What strikes me about how some comrades and fellow workers and such are responding to this is basically “aw man, that’s so cool there’s a thing at Walmart, let’s get in on that.” And since they don’t have any organization themselves, they want to shortcut things by getting in with the OUR Walmart campaign, and pretend it’s something other than what it is.
H.’s latest comment includes both some really good more optimistic stuff and a bit of it’s own bullshitting (surprising from H. who is always good for pessmisitic naysaying, but whatever). The good part:
1. Strike by 3 dozen temporary warehouse workers employed by NFI Industries, a Walmart subcontractors, in California’s Inland Empire last September. Strike was over unsafe working conditions, like extremely high temperatures, lack of ventilation and access to drinking water, and broken and dangerous equipment.

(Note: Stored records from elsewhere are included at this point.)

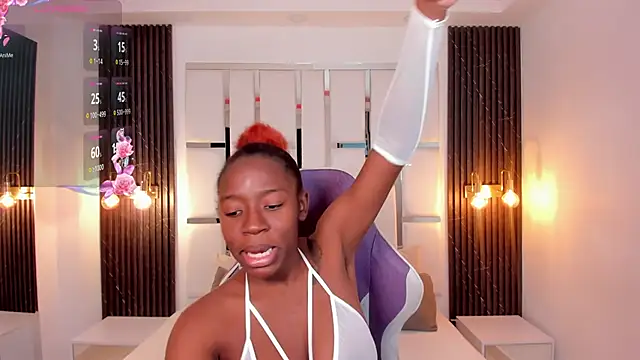  emma willliams  online show from November 7, 2025, 2:10 pm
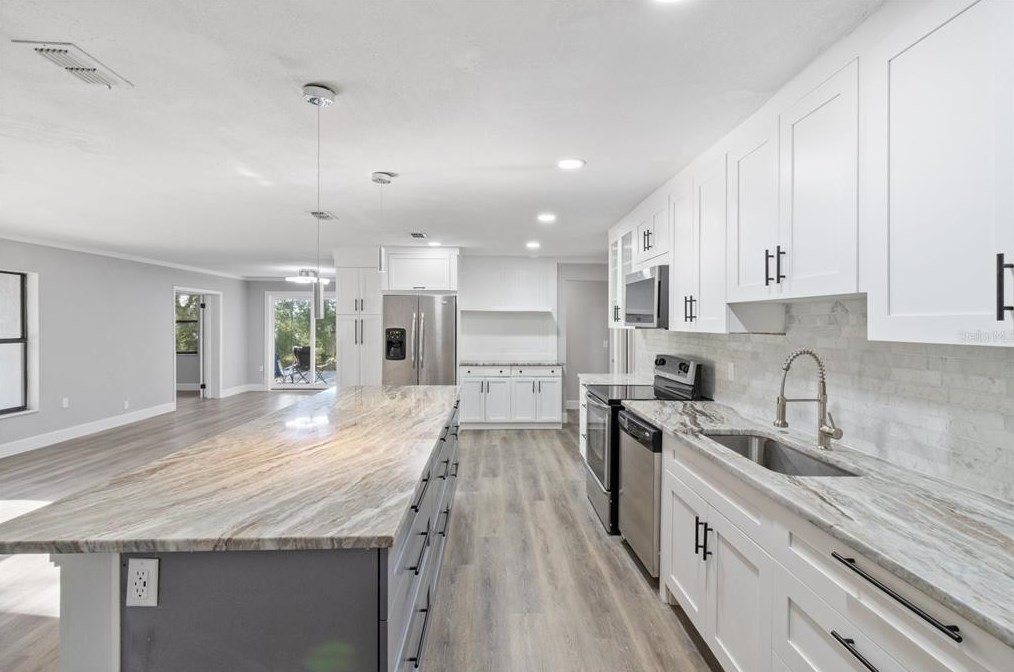 3512 Shorewood Dr, Dunnellon FL  34431-3766 exterior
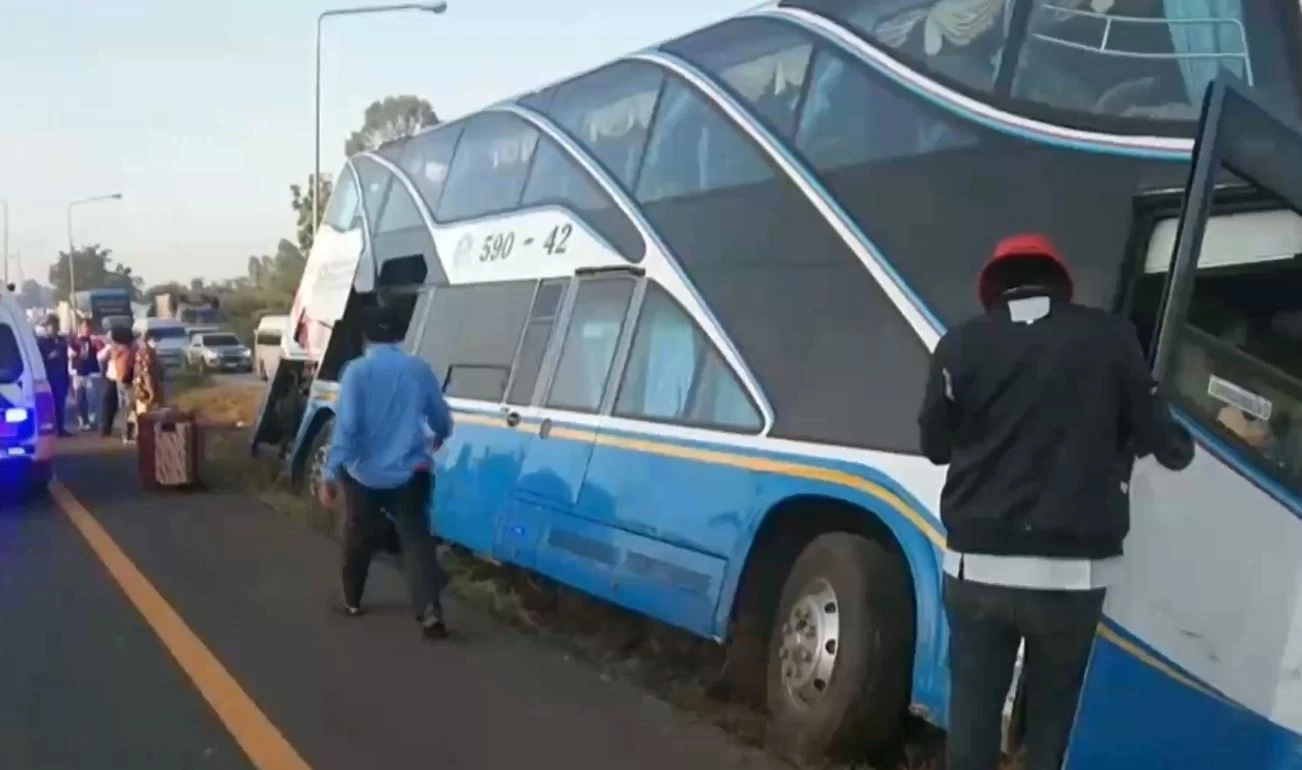 รถทัวร์หนองคาย-ระยอง เสียหลักตกร่องกลาง ผู้โดยสารเจ็บเล็กน้อย 4 ราย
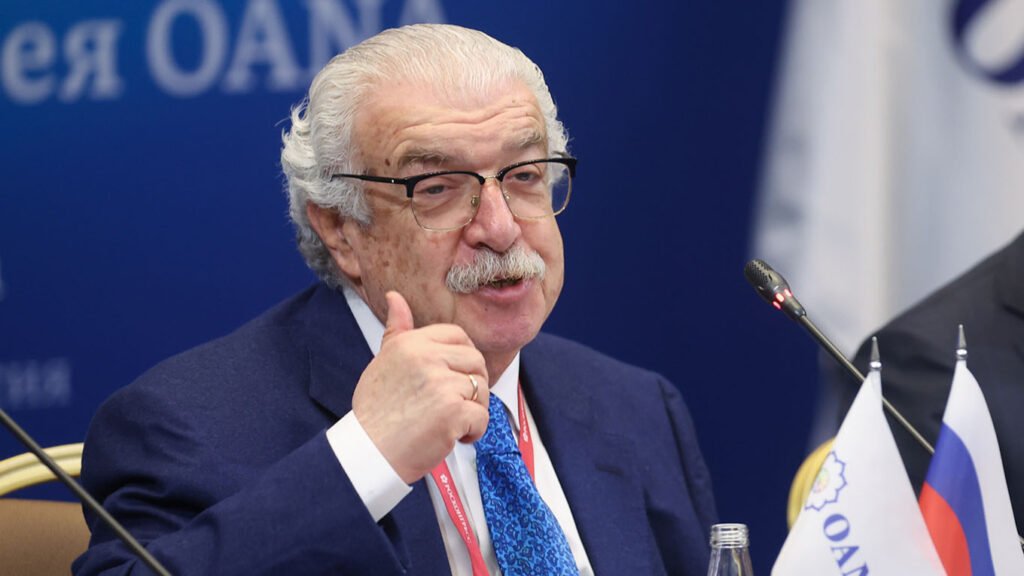 Михаил Гусман на форуме ОАНА в 2025 году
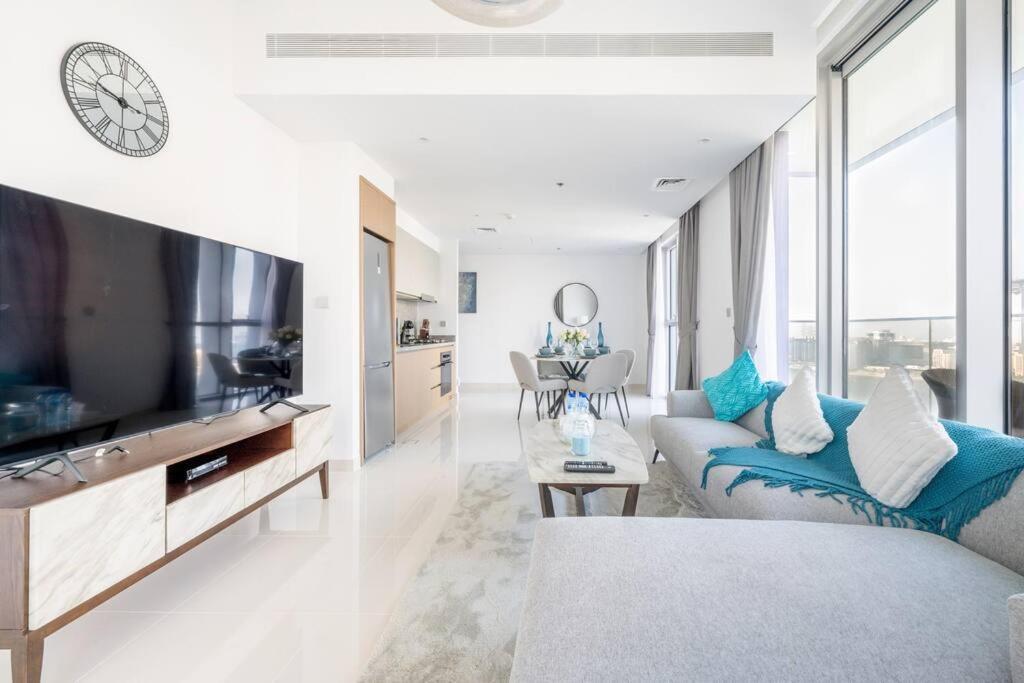 1br In Isle - Free Access * Dubai
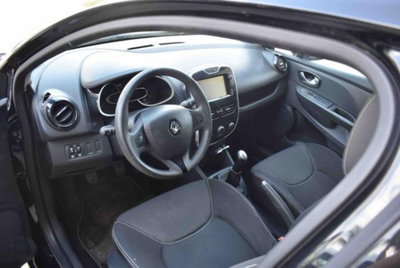 Renault Clio 1.5 dCi 8V 75CV 5 porte Live (6)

2. Strike by 2 dozen temporary Walmart warehouse workers in Elwood, Illinois a week later, obviously in solidarity with the California warehouse workers. They struck over wage theft due to forced overtime, irregular schedules, and the lack of safety equipment. Initially 4 workers circulated a petition and were immediately fired, drawing out the strikers. After 3 weeks on strike, the strikers returned to work with full back pay for the time they were on strike.
3. Days after the victory in Illinois, and given inspiration and confidence by their example, 70+ workers from 9 Walmart stores in California went on a one-day strike on October 4, 2012.
The bullshit part:
I liked the way Staughton Lynd articulated this nascent strike wave in the latest Industrial Worker:
Staughton Lynd wrote:
What it represents is the spread of characteristic Wobbly forms of self-activity to workplaces where those practices arise spontaneously because they speak to the needs and opportunities actually experienced by Walmart workers
Perhaps the best example of a spontaneous class-conscious strike wave spreading down proto-supply chains was the 1877 Great Upheaval Railroad Strike. Hopefully the recent Walmart actions can travel down global supply chains and spark solidarity actions across oceans among Walmart production, transportation, and logistics workers in China, Bangladesh and elsewhere.

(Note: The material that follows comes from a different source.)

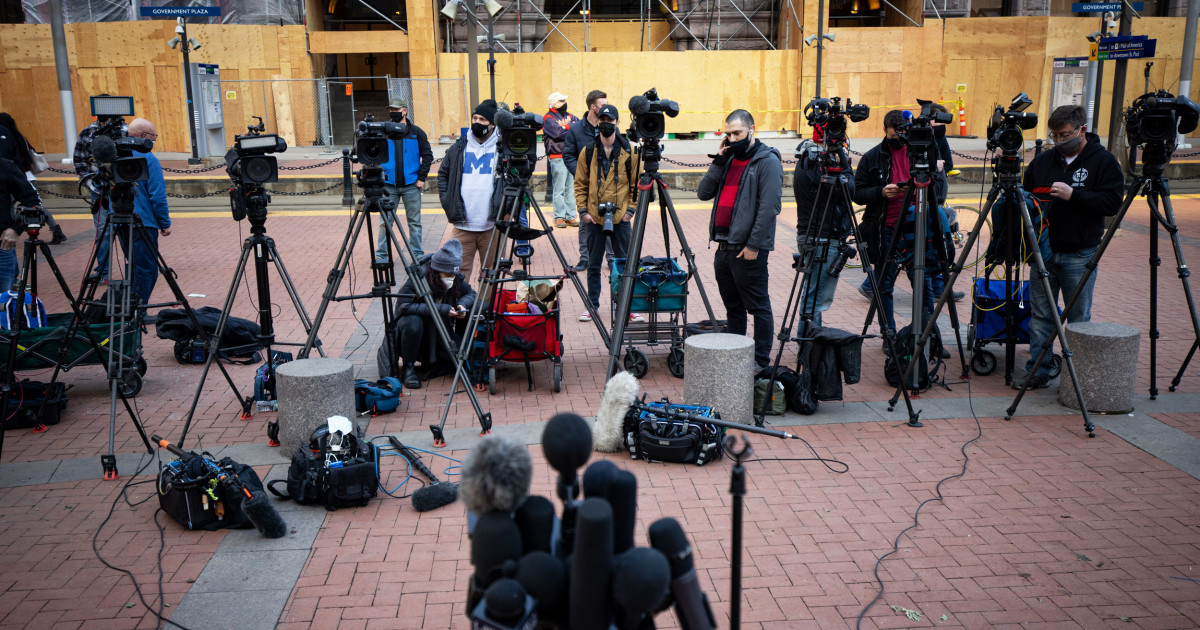 Derek Chauvin trial is another media spectacle that causes trauma ...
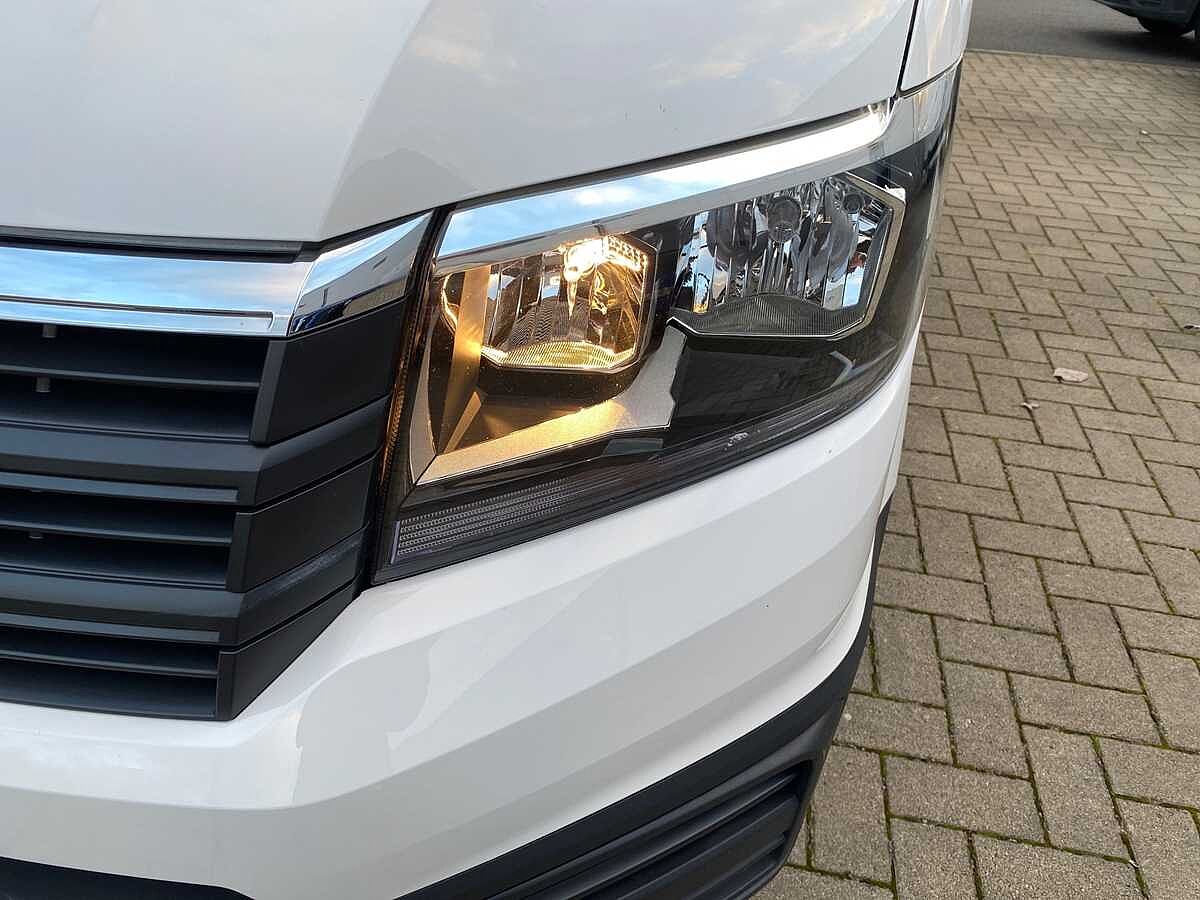 Volkswagen Crafter Cr35 Mwb Diesel Fwd 2.0 TDI 140Ps Trendline High Roof Van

I’m particularly surprised by the Staughton Lynd quote which is a classic example of leftist self-projection. I’m not surprised by Lynd saying it but I’m surprised that H. liked the quote so much. The thing about spreading across oceans is fine prescriptively although I’d be surprised if it actually happened that simply. Who knows though, we’ll see.
What should folks do, then?
Well it’d be nice if folks would call things what they are, for a start. As far as what should rev-lefts, syndicalists, wobblies, anarchists etc. do, mainly they should focus on organizing and not get sucked into the OUR Walmart bandwagon. As far as involvement with Walmart workers goes, I’d be a lot happier to see a real militant organization formed rather than see militants sign up into OUR Walmart and attempt to organize via that structure. As it is the warehouse organizing is more divided between a couple different unions, and most of the warehouses and the stores alike are simply unorganized. And where there is organization, in most cases it’s weak.

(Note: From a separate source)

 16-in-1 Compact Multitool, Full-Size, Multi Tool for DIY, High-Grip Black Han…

OUR Walmart itself is probably the purest example of what, in my opinion, UFCW has been attempting for years to become- a company union. The unions, incl UFCW, have been declining for decades and UFCW’s response has been consistently to sacrifice the material interests of its rank and file in pursuit of a lost cause of becoming an unofficial company union. As it turns out that’s hard to do, since it isn’t a company union and the companies don’t want them there, so the union attempts to sell itself to the companies by selling out the workers’ interests. Because it doesn’t have a contract with Walmart, and it’s been unsuccessful it attempts so far to unionize Walmart, now the union is attempting to find an “in” by experimenting an explicitly Walmart-centric wannabe company union that could potentially break into the company in a way that traditional UFCW union drives haven’t.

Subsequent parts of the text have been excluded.